Some of these children were born without sight. They knew little of what they lacked. Some children had seen before and somehow lost that part of their world. Images of mother, father and home remained only in their mind's eye. Some children had the support of a family and village to bring them to St. Bernadette’s school. Some had been orphaned and rescued. No matter the circumstance, these children made their way to protection, care and learning.

More than disabled, these children were healers. They healed themselves and they healed one another. They created and adopted new ways to manage in a seeing world. And, despite any challenge, they developed and expressed such innate gifts effortlessly. They were made stronger and closer by the ability to focus other senses. Alone or in choir, these children sang and danced as angels would.

Suffering pales and faith emerges. I hope that each of us might also find a way to heal ourselves, help heal one another and express our unique strengths, gifts and awareness for the illumination of community and globe. If in the face of disability, Great Spirit created this one joyous event. it can create many, many more.

Sacred space

Towering spires and incense. Temple bells and dancing votive flames.

'Tis not the blessed or sacred space that is required for contemplation.

Clanking of rocking, swaying boat masts. Warm breath of grassy fields.

'Tis neither foreign nor familiar place that is required for meditation.

We need not panoply and religiosity, not even a stone labyrinth leafed in gold.

'Tis any new or worn journey or even standing still that induces reverie.



Two years ago, a specialist told me that I could never .... An elevation of 4,000 would be difficult, 6,000 pushing it beyond reason and 8,000 a risk of life. Today, I climbed the trail and steps of a recently discovered pyramid in Mexico. Cañada de la Virgen reaches 7,647 feet in elevation. Along the hike, I was met by the gods and creatures of 700 AD Mesoamerica. The feathered serpent was there to test and challenge, the smoking mirror drew tears, the jaguar, the dog as my guide to the underworld and a kind wolf by my side to survey each step. Wind blew into me as if by force of sun and moon. I made it ... I made it to the top on this day that is also the continuing celebration of Dia de los Muertos. This is the time we take to honor and celebrate the people and generations that have passed. We recognize death as something just as near as life itself. Before us we create the altar and give offerings of marigold. My lungs are open today and so must be my heart. I am here. I am still here.



A sunken, broken toy lies alone. The vast terrain of a chlorine-infused ocean serves as home. There is no place more quiet. There is no place more still. Float.

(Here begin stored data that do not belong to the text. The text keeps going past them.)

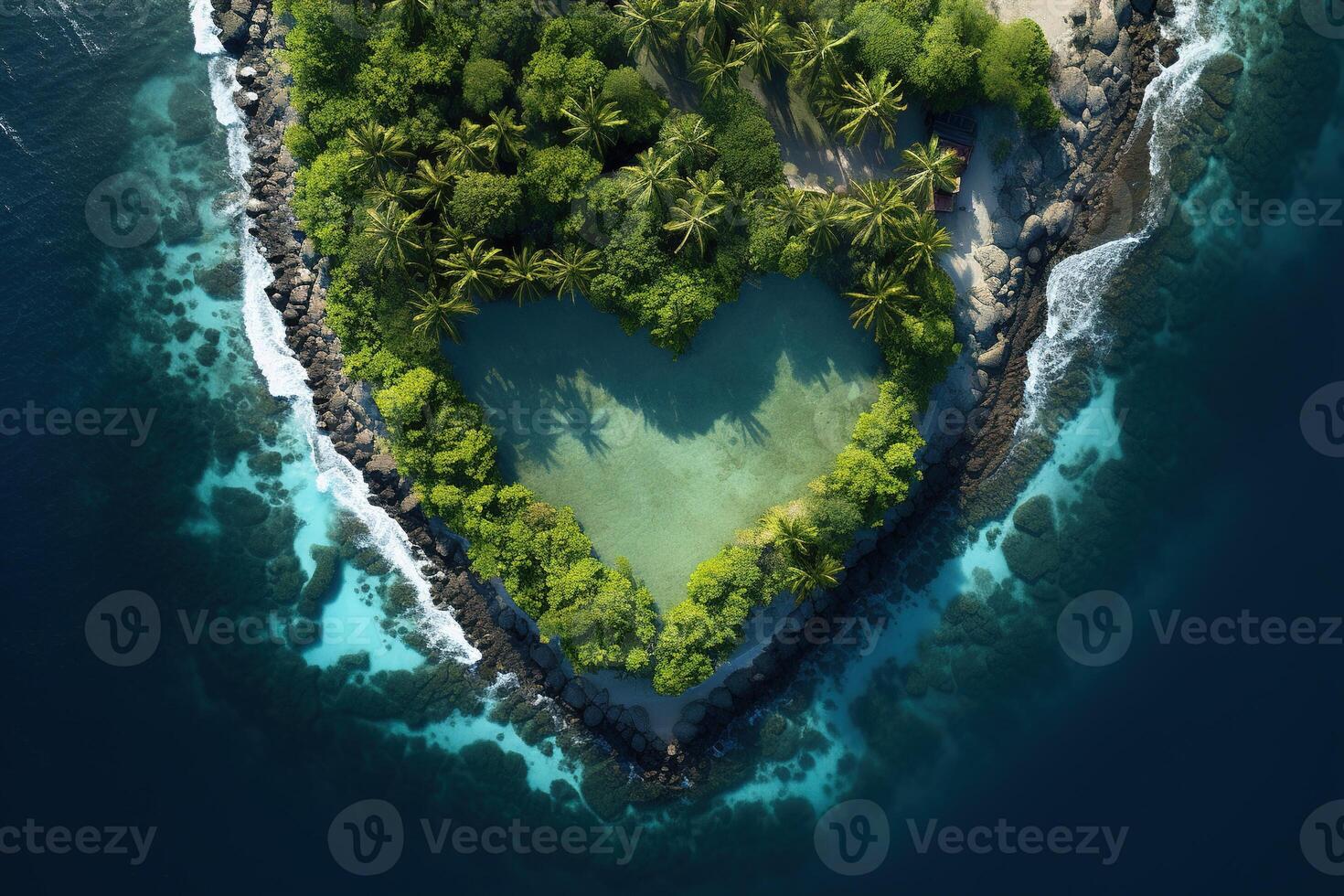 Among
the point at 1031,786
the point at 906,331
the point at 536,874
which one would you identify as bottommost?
the point at 536,874

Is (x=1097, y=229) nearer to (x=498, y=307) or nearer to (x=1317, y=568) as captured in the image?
(x=1317, y=568)

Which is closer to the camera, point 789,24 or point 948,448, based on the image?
point 789,24

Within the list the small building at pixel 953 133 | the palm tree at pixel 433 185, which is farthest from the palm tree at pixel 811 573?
the palm tree at pixel 433 185

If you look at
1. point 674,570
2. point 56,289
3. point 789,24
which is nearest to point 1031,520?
point 674,570

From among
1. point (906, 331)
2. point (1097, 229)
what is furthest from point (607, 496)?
point (1097, 229)

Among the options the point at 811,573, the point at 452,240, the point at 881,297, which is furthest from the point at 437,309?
the point at 811,573

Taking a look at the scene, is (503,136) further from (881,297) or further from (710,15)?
(881,297)

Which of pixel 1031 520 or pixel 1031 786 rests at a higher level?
pixel 1031 520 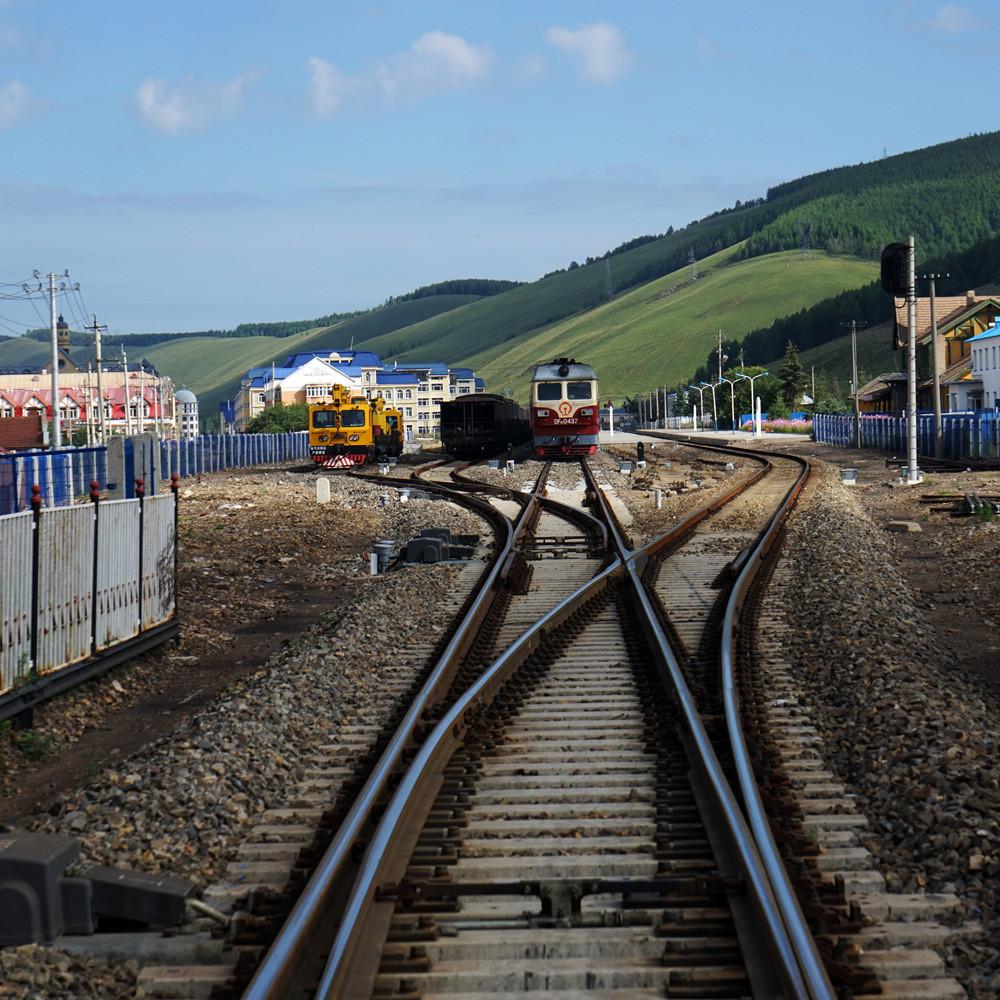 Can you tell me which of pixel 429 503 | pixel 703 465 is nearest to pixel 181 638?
pixel 429 503

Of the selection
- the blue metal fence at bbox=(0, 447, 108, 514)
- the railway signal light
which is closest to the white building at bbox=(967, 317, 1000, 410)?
the railway signal light

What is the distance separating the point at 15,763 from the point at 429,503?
21411 mm

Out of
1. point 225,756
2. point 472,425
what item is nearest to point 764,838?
point 225,756

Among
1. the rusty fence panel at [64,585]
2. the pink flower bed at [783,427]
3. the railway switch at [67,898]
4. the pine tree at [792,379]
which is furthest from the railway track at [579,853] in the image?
the pine tree at [792,379]

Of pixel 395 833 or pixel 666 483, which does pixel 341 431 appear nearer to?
pixel 666 483

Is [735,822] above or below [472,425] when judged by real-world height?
below

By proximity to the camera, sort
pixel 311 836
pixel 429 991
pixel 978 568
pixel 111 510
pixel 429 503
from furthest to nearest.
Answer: pixel 429 503 → pixel 978 568 → pixel 111 510 → pixel 311 836 → pixel 429 991

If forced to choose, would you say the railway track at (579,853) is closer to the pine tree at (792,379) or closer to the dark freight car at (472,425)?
the dark freight car at (472,425)

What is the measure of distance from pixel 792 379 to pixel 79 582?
135826mm

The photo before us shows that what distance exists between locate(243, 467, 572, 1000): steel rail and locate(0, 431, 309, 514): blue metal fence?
211 inches

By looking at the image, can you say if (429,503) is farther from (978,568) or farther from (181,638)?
(181,638)

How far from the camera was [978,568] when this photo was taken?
1852cm

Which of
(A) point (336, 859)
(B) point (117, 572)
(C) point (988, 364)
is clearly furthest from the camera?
(C) point (988, 364)

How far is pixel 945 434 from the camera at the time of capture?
171ft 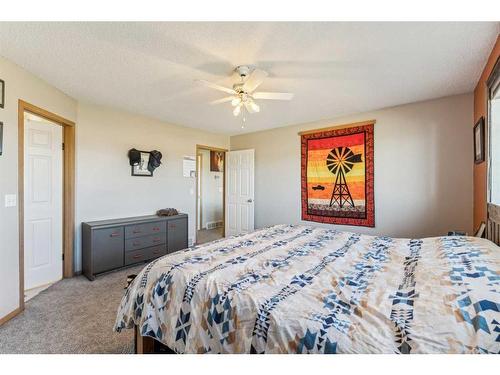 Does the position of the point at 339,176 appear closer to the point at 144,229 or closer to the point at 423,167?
the point at 423,167

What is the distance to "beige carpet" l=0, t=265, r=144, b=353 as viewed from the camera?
1.73m

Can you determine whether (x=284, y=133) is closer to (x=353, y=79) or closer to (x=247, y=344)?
(x=353, y=79)

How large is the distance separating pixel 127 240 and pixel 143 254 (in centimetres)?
34

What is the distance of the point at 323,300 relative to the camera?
104 centimetres

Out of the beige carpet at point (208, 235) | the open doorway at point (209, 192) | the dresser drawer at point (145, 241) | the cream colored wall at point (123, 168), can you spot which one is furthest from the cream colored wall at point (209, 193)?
the dresser drawer at point (145, 241)

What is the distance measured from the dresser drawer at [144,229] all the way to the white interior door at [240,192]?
5.34 feet

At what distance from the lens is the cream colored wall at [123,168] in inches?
124

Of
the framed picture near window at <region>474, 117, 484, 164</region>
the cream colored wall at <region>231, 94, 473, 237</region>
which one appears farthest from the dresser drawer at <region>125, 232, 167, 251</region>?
the framed picture near window at <region>474, 117, 484, 164</region>

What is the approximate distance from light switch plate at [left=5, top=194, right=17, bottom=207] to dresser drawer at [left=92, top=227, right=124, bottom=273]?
93 cm

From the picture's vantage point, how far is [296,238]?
220 cm

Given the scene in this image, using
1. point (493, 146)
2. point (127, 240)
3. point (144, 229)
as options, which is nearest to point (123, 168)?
point (144, 229) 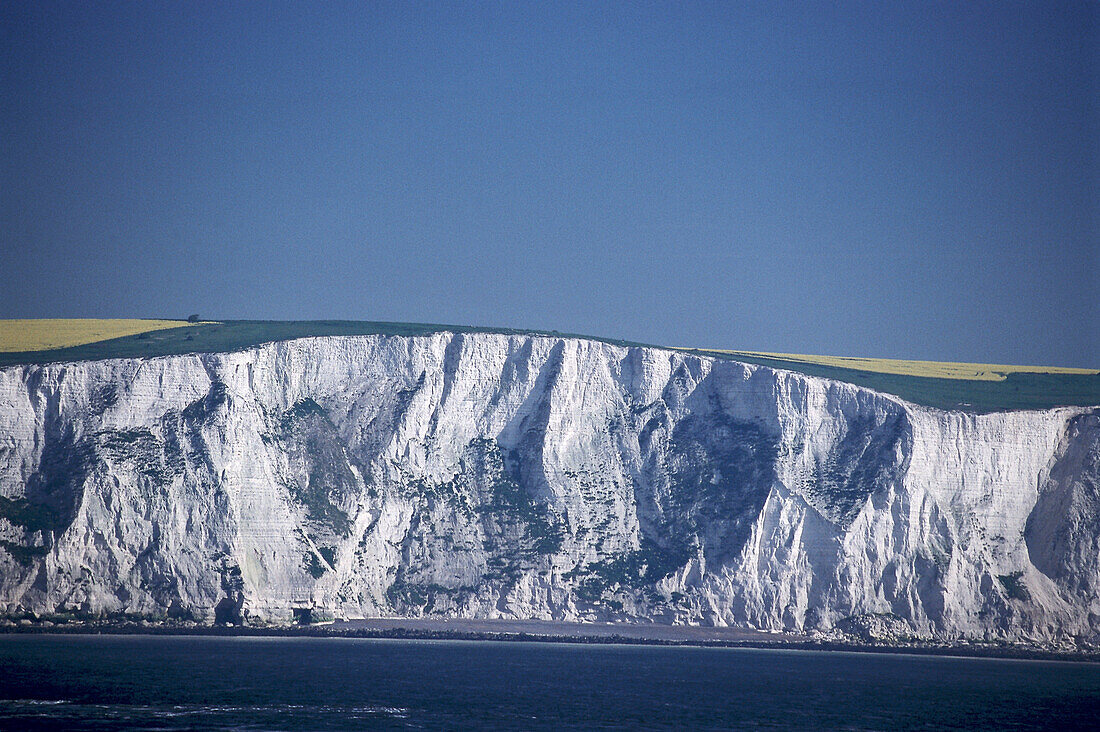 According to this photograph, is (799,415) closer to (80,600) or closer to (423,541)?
(423,541)

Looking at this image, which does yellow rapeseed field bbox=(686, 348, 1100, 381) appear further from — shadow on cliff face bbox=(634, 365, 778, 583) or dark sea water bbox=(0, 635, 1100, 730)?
dark sea water bbox=(0, 635, 1100, 730)

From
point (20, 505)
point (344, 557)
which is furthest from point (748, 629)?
point (20, 505)

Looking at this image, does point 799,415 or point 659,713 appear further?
point 799,415

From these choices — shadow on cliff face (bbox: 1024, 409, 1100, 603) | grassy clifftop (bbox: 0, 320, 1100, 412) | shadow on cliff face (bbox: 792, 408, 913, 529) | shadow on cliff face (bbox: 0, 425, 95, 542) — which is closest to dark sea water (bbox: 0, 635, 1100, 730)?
shadow on cliff face (bbox: 0, 425, 95, 542)

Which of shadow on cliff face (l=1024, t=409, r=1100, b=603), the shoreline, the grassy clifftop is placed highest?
the grassy clifftop

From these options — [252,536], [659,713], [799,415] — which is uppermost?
[799,415]

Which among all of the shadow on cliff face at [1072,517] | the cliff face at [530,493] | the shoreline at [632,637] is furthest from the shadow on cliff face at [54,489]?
the shadow on cliff face at [1072,517]

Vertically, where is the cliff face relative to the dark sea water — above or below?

One heartbeat then another. The rise and fall of each beat and breath gives bounce between two worlds. The weightless, cold envelope is broken open for a moment. Inhale the blinding, blazing sun and giant roar of cicadas. Exhale to the depths of origin.


The ghost town of Terlingua

Nestled in the sprawling and desolate land of West Texas, is a gem named Terlingua. It takes awhile to understand it. Some folks never do. In this town, the postman is your bartender. The musician is a school teacher by day. And, the few dozen residents that live here are respected for their reclusiveness and eccentricity. The high desert land is marked by ruins of the old Chisos mining company as well as shells of old, rusty cars and buses.


Scene along the Flam railway line

A steep climb to and through Finse. Flamsbana is a beautiful train trip revealing a panoramic view of the majestic Norwegian fjord landscape.  

Journey by train feels to be the only means by which the whole world comes to you. Each moment's image is flashed and framed within the passenger car window. Each image is retained through pitch-black pauses through tunnels and the lull of the clickety clack and sway.